Mas já está bom demais…
Abraço e obrigado!
Bom conversar com quem conhece.
A obra completa de Varèse (que cabe em um CD duplo) já foi postada há algum tempo pelo mano CDF. Basta procurar no menu aí do lado pelo sobrenome do compositor.
Quanto a Zappa, só posso dizer que você, Gilberto, leu meu pensamento.
Putz, perdão!
Baixei esse disco do Varese nos primeiros dias em que ele foi postado, e é um dos meus preferidos do Blog. Tinha esquecido completamente (ou não quis acreditar) que ele compôs tão pouca coisa…

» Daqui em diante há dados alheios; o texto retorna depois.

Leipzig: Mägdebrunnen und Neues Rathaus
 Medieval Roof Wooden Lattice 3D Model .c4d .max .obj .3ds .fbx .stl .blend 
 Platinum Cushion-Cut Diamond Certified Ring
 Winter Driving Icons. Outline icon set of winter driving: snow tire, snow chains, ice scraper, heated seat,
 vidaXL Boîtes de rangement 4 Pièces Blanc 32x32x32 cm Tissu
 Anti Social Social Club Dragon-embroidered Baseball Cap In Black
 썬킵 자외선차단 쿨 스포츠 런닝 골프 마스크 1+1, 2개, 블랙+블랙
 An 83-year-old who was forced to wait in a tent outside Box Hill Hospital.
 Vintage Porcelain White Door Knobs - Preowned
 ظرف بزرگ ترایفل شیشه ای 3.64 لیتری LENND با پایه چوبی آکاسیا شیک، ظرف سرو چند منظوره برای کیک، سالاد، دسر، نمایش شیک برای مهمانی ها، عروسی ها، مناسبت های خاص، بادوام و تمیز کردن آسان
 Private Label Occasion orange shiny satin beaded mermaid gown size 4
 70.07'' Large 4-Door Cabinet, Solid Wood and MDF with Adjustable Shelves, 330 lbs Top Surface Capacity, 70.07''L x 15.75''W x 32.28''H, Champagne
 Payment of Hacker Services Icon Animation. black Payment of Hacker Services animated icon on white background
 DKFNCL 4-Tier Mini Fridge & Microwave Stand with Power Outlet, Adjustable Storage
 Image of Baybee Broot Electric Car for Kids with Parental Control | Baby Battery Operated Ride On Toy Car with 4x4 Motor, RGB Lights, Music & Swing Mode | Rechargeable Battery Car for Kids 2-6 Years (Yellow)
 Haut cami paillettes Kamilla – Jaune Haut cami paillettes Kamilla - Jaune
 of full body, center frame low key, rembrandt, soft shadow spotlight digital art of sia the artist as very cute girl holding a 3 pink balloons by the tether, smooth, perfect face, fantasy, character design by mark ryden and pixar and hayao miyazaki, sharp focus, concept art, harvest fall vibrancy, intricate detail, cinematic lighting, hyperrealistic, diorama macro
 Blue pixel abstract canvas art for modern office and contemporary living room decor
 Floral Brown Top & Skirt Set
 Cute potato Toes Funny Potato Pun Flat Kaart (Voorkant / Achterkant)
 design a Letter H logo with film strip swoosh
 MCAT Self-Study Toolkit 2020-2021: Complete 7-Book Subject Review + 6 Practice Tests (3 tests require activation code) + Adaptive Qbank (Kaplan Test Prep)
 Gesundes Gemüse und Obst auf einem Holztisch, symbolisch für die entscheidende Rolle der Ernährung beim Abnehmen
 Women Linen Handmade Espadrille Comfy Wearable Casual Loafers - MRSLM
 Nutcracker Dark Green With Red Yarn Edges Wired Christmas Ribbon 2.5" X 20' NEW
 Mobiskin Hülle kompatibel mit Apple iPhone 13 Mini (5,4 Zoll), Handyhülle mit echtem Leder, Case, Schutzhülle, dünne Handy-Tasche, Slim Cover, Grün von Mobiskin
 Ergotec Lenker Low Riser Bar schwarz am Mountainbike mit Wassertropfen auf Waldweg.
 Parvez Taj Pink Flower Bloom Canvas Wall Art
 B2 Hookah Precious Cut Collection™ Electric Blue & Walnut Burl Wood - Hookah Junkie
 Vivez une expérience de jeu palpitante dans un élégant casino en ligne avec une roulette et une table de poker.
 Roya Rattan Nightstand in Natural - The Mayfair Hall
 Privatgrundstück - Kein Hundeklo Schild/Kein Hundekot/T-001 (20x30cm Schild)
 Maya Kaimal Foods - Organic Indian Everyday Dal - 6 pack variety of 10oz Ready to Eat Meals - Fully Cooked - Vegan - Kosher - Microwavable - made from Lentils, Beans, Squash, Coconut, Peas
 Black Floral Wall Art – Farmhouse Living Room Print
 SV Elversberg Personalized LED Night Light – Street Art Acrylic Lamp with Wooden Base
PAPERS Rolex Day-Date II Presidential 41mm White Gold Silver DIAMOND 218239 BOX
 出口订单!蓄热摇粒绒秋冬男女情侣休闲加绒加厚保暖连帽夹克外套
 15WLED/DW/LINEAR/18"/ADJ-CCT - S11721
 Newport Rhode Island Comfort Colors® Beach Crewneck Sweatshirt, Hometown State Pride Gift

Com relação ao post “daqueles”, vou aguardar ansiosamente. é bem na minha área. se precisar de algo, tenho muita coisa aqui que pode interessar, e posso ajudar com os Zappas, se bem entendi a mesagem…
Abraço!
Copland é bem legal mesmo. Além das obras disponibilizadas acima, gosto muito da “Sinfonia Orgão”, que é supreendente, e do “Concerto para clarinete”, muito lírico, muito bonito. Tem outra obra que eu acho curiosíssima e pra lá de divertida, “Retrato de Lincoln”, para narrador e orquestra. Eu acabei decorando o texto, até, e não consigo me furtar a imitar o narrador da gravação que tenho, James Earl Jones. “Fellow-citizens, we cannot escape history”…
(Para quem não se lembra, James Earl Jones fez no cinema a voz de Darth Vader…)
Gilberto, tens o ‘Yellow Shark”, do Zappa?
Não sei onde foi parar o meu cd… possivelmente emprestei para algum “amigo” que nunca me devolveu…
Engraçado você falar isso…
Eu sou fão do Zappa, e tenho vários discos dele. Mas o meu yellow shark eu também perdi. O meu caso foi mais trágico.. uma mudança. Encarreguei um amigo de levar os cds pra mim… e ele deixou a caixa cair. Perdi ele, o Hot Rats e o The best band that you ever heard… e não deu nem pra xingar o danado.
Consegui recuperar todos, menos o Yellow. Um tempo atrás até consegui um arquivo dele, mas falta a introdução e a ultima musica. e está em 128 Kbps, não muito bom… Mas deu pra matar a saudade. se quiser… tá a disposição.
abraço.
Parabéns do seu precioso Blog.
Já o conhecia mas na formação anterior e pensei que estivesse extinto. Uma alegria reeencontra-lo.
Obrigada pela precioso conteúdo.
Abraços,
Luci
ps: vocês tem possibilidade dos discos de Eugene Cicero? Em especial “Classic in Jazz” em 5 ou 6 discos ; é uma obra maravilhosa, mas perdi este arquivo.
Obrigada .
olá….os links estão expirados…Anyway, agradeço pela contribuição pelo aumento do meu repertório de músicas (poderia até arriscar a dizer que agradeço pela ampliação de meus horizontes musicais e minha sensibilidade).
Abraços (ótimo blog)!!!
Copland daria um tremendo jazz man.
Villa-Lobos americano? Isso é ofensivo; Copland é bom demais para ser comparado àquele arqui-chato cuja obra importante se resume àquela melodia bonita.
Mas eu sou meio stravinskyano, então, meio esperado eu odiar Villa-Lobos.
Oi, pessoal.
Antes de tudo, meus parabéns por todo o trabalho que vocês realizam aqui!
Não sei como seria minha inserção à música clássica sem o trabalho do PQP Bach!
Depois, se não for um abuso, será que vocês poderiam re-revalidar os trabalhos sinfônicos de Copland?
Muito obrigado, e mais uma vez, parabéns!